■ **EXERCISE DESCRIPTION**: Please output the section of the listing below that opens with the line containing "wholesale S925 Sterling" and closes with the line containing "VT license plate LEP656", exactly and with nothing else.

■ **INFORMATION GIVEN**:
━━━━

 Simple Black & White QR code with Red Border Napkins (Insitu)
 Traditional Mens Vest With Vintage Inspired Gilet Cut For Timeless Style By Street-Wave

━━━━

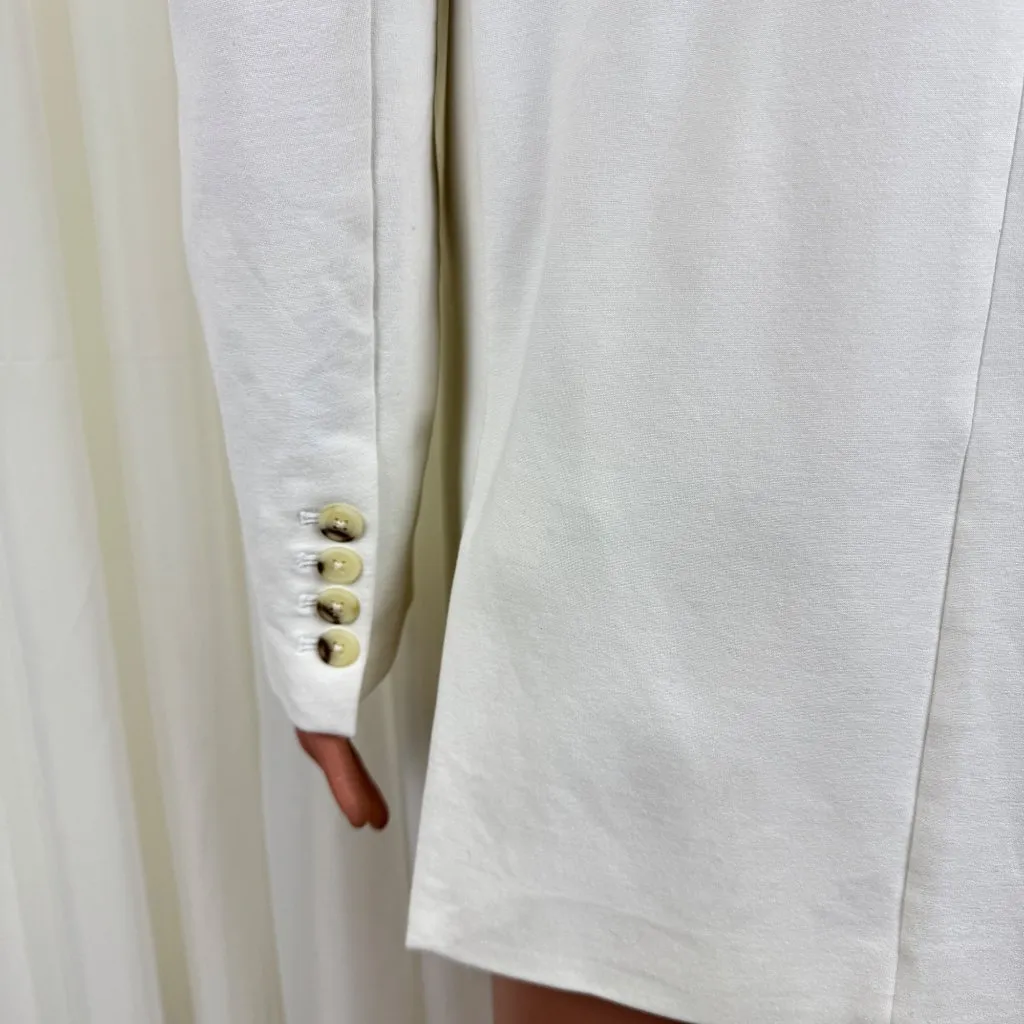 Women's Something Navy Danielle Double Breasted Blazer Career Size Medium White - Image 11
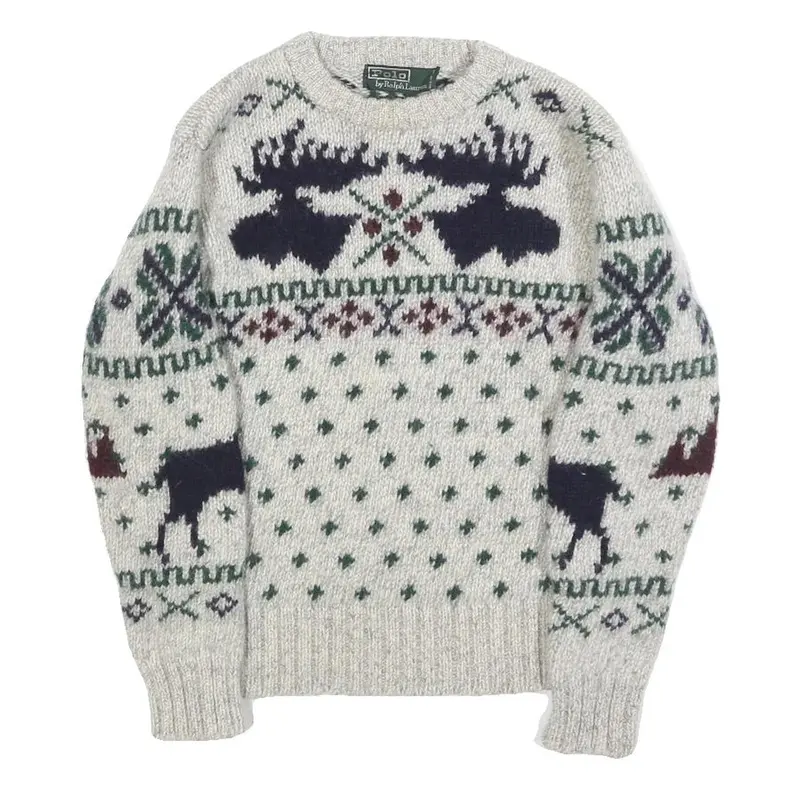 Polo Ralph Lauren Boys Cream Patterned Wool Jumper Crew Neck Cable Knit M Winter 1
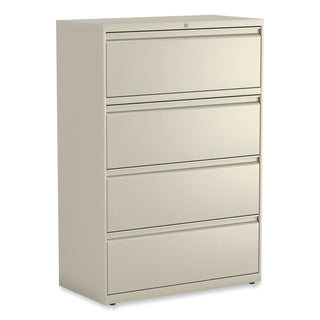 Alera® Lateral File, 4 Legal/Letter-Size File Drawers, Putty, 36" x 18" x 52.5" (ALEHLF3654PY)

━━━━

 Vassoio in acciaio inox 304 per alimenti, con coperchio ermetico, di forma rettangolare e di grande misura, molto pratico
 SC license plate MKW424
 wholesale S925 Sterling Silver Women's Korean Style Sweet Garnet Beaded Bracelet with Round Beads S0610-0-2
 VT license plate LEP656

━━━━

■ **YOUR RESPONSE**:
 wholesale S925 Sterling Silver Women's Korean Style Sweet Garnet Beaded Bracelet with Round Beads S0610-0-2
 VT license plate LEP656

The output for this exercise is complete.